Sanborn was 16 when police say he killed Briggs, 16, his one-time girlfriend, on the Maine State Pier and dumped her body in Portland Harbor.
Sanborn was convicted in 1992 and sentenced to 70 years in prison. He was freed on bail in April after the only eyewitness, Hope Cady, recanted her testimony identifying Sanborn as the killer.
Cady said she was coerced by police into implicating Sanborn, but both Daniels and the secondary investigator on the case, Daniel Young, have denied those accounts. The state has produced evidence showing that it was Cady who pursued police.
Briggs was living with Staples and her family immediately before she was killed, and Staples provided multiple statements to police about what she knew after her friend was killed.
According to one statement, Staples told investigators Sanborn was with Briggs the night of the murder and had walked her down to the wharf, according to testimony by Daniels.
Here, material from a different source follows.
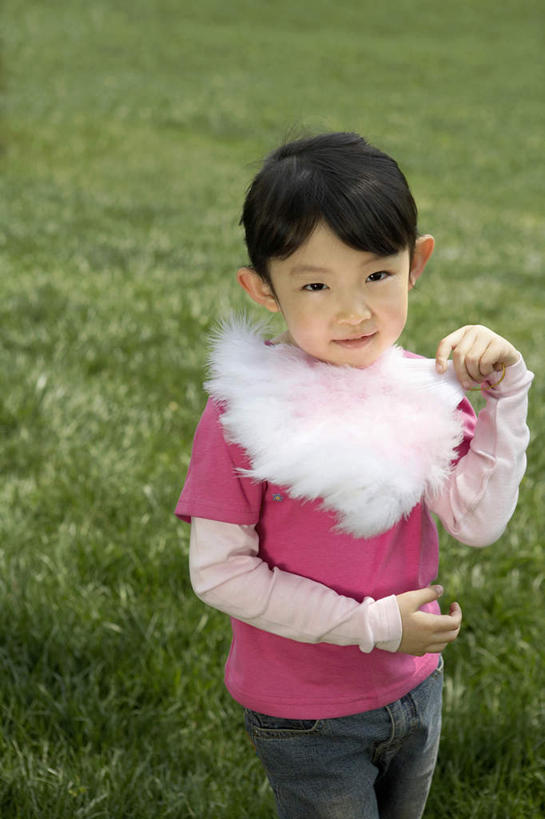 东方人,儿童,一个人,站,微笑,竖图,俯视,室外,白天,留白,正面,旅游,度假,游戏,快乐,纯洁,美景,玩具,羽毛,日光,亚洲,仅一个女性,仅一个人,表演,瓷器,折扇,景观,T恤,拿着,牛仔裤,休闲装,娱乐,草,树,小孩,停车,粉色,绿色,自然,春天,看,手势,仅一个小孩,享受,休闲,景色,放松,活力,季节,可爱,童年,童趣,凝视,生长,怀旧,享乐,愉悦,清新,近景,自然风光,出示,户外活动,童真,东亚,烂漫,无邪,发展,北京市,快活,欢愉,康乐,无忧无虑,天真,女孩,女人,女性,亚洲人,中国人,孩子,休闲活动,彩图,高角度拍摄,高兴,舞蹈,女生,打手势,扇舞,好奇心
She also said Sanborn knew that Briggs was now dating someone else, a man named George Ingalls.
Sanborn would call Staples’ home looking for Briggs, Staples told police at the time, but Briggs wouldn’t speak with him.
Staples also told detectives Sanborn told her during a car ride after the killing he was with Briggs on the night of the murder and the two got into a fight, and that he hit Briggs. He never admitted to Staples that he committed the murder, according to the testimony.
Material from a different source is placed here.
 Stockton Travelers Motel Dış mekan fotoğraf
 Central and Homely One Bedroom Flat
But under questioning from Sanborn’s attorney, Amy Fairfield, Daniels said Staples had tried to withdraw her statements to police, and evidence of that recantation was not turned over to Sanborn’s defense team.
Fairfield produced a third, unsigned statement by Staples that had a handwritten note attached to it stating that Staples called Portland detectives, said she had previously lied to them, wanted to recant and “can’t stand the pressure,” according to Fairfield.
The third unsigned statement was produced for the defense at the original 1992 trail in the discovery process, but the note indicating Staples sought to recant was not, Fairfield said.
Fairfield is expected to finish questioning Daniels on Thursday, and a new witness may be called. Who will take the stand next was still an open question when Justice Joyce Wheeler concluded the court session Wednesday afternoon.
Staples, who is on the list of potential witnesses, may take the stand Thursday, attorneys for Sanborn said.
The hearings were slated to wrap up Wednesday, but the slow pace of testimony has drawn the process out, and court officials are holding the courtroom for the proceedings indefinitely, or until Wheeler leaves for a scheduled vacation Nov. 17.